# TASK MATERIAL
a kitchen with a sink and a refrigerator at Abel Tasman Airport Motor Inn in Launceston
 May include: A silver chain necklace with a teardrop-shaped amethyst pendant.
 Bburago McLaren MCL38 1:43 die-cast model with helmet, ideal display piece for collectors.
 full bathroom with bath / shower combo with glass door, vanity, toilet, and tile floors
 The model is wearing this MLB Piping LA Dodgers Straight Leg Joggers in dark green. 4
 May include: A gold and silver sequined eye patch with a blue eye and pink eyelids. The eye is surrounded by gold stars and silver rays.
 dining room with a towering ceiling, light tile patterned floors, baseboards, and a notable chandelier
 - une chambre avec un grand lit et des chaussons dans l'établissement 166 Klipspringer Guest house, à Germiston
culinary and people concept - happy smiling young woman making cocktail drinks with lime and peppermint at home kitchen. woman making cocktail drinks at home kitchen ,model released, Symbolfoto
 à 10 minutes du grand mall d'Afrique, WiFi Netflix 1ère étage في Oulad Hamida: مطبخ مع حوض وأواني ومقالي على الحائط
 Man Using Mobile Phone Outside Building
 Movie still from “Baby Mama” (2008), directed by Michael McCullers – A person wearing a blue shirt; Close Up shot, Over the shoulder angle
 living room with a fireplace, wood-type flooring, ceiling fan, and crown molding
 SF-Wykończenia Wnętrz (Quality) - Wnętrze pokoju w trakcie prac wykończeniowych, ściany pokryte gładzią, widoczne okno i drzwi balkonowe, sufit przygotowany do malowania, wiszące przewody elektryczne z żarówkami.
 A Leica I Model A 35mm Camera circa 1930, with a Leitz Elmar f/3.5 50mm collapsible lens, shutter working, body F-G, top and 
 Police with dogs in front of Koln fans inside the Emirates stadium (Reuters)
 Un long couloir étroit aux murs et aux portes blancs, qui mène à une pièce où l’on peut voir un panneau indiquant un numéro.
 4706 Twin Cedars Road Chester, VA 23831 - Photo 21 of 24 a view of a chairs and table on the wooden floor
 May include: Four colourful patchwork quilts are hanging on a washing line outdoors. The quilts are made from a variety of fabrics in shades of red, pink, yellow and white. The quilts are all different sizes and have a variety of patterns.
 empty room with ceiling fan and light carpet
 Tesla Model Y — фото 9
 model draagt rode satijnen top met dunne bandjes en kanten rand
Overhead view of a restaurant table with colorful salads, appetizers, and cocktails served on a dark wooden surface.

# TASK BRIEF
Across the whole listing, how many lines contain the string "blue"? Give the number and no more.

# TASK RESPONSE
2